The young Marine’s letter made me think about what it is we do when we write a book and send it out into the world. We write in solitude, and, for me at least, when I write I’m thinking only about the story, not how it will be received, or where. I do, in some sense, think about the reader, in that I think about what I would want to know if I was reading the book, what I would care about, how I would respond to the characters. But I get so caught up in the story that I don’t think about the book as an object that will be bound between covers and shipped off to bookstores, purchased and perused. Which is why it’s so surprising, and satisfying, to hear that one of my books has ended up in a small ship’s library, to be found by a Marine, who is looking for something to pass the time, and to whom it gives some degree of pleasure.

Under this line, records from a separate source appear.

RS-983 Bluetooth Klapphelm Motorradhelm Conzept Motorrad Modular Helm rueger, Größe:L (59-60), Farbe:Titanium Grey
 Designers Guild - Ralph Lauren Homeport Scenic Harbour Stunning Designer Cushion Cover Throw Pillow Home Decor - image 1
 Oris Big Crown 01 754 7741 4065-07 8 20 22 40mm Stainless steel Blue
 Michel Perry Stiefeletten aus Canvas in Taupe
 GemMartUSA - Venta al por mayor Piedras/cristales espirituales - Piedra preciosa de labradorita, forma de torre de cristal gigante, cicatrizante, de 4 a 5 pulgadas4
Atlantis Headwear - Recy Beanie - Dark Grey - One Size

I remember the events of last year in Burma well, and have long been interested in that country, where the people suffer under a brutal regime of censorship and political tyranny that is every bit as horrific as Chairman Mao’s Cultural Revolution in China. It is a place where one can be jailed or murdered for reading the wrong book or writing the wrong letter, where the words one speaks in private, if overheard by the wrong person, can be used to justify torture. A place where the magazines are delivered with huge sections cut out, and where newspapers are vetted by the government for “accuracy.” How strange to think that my book–which I wrote in San Francisco, much of it in my car on Ocean Beach, or in the library, or in my neighborhood cafe, with absolute confidence in my absolute freedom to say whatever I wanted, in whatever way I pleased, with no fear of the consequences–would find its way there.
The marine’s letter reminded me what a privilege it is to be a writer, particularly to be a writer in a country where free speech is such an ingrained way of life. There are writers who risk everything when they tell their story. So to have the opportunity to tell a story, at any time, in any place, to a person who, for whatever reason, happens at that moment to be in the mood for a story, is wonderful. It’s a responsibility, too. One hates to disappoint–and yet, so often, I’m sure that I do. Which is part of the reason we writers write the next book, and the next, and the next: always hoping to do better, to say what we want to say with more precision and depth, the get the story right.